Ma adesso basta con la storia; siete d’accordo, vero? Bisogna cominciare a parlare seriamente di alcuni punti fissi dell’italico Carnevale della Matematica, quei punti fissi che gli altri carnevali forestieri non si sognano neppure . Ad esempio, del 194° verso della Poesia Gaussiana: ebbene, siamo lieti di annunciare ufficialmente che il verso di questa edizione è:
“canta sul pino”
e siamo fortemente tentati di non ripetere ancora una volta quale sia il meccanismo che sottende a questa lunga (e virtualmente infinita) composizione poetica. Ci limiteremo a sottolineare che non è un caso se il verso è breve proprio stavolta che il numero d’ordine del carnevale è un semiprimo, e a ricordare che il creatore (dacché, essendo infinita, non si può legittimamente parlare di “autore”) della poesia gaussiana è Marco Fulvio Barozzi, in arte Popinga (per gli amici, “Sommo Popinga”). Per il resto, si sa dai tempi di Omero che i versi sono fatti di parole e stanno ancora meglio quando sono accompagnati dalla musica: nell’ambito del CdM, se Popinga è il paroliere, è indubbio che Dioniso Dionisi sia il musicista. La Cellula Melodica è l’alter ego del verso, quindi non vi stupirete se anch’essa è breve, e con note ben distanti fra loro.
Nella speranza di essere stati sufficientemente caotici e catastrofici, dichiariamo ufficialmente chiusa questa introduzione e ci avventuriamo finalmente a sfogliare le segnalazioni giunte dai prodi carnevalisti di questo Carnevale. Li elencheremo senza ordine veruno, naturalmente: che senso avrebbe mettere ordine nel Caos?

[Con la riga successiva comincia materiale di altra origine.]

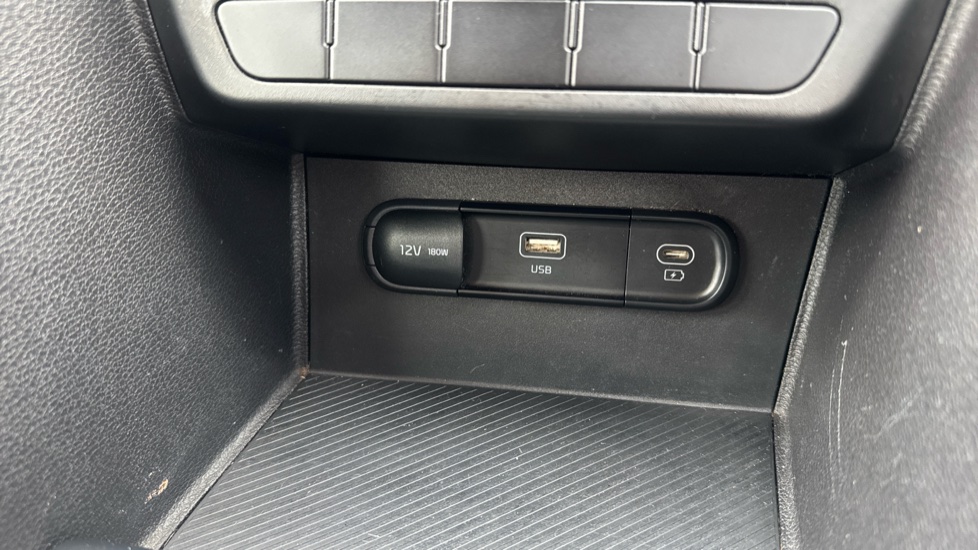 Kia Sportage 1.6T GDi ISG 2 5dr Petrol Estate - Image 42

Ve lo avevamo già detto che sotto le mentite spoglie di Dioniso, il melomane cellulatore, si cela in realtà Flavio Ubaldini? Ebbene, stavolta il nostro non si è limitato a fare musica, ma ha deciso anche di cantarle per bene a qualcuno che, per la professione che fa, dovrebbe coltivare un po’ meglio le sue conoscenze matematiche di base. Come dice lui, “invio un contributo piuttosto polemico. A volte bisogna pur esserlo per contribuire all’ingrato compito di svegliare le coscienze matematiche :-)”.
Pitagora e dintorni: La dimestichezza con i numeri di alcuni giornalisti – Se parlando vi dicessi che il 74% di 4000 è 54 vi accorgereste subito che qualcosa non va? Eppure…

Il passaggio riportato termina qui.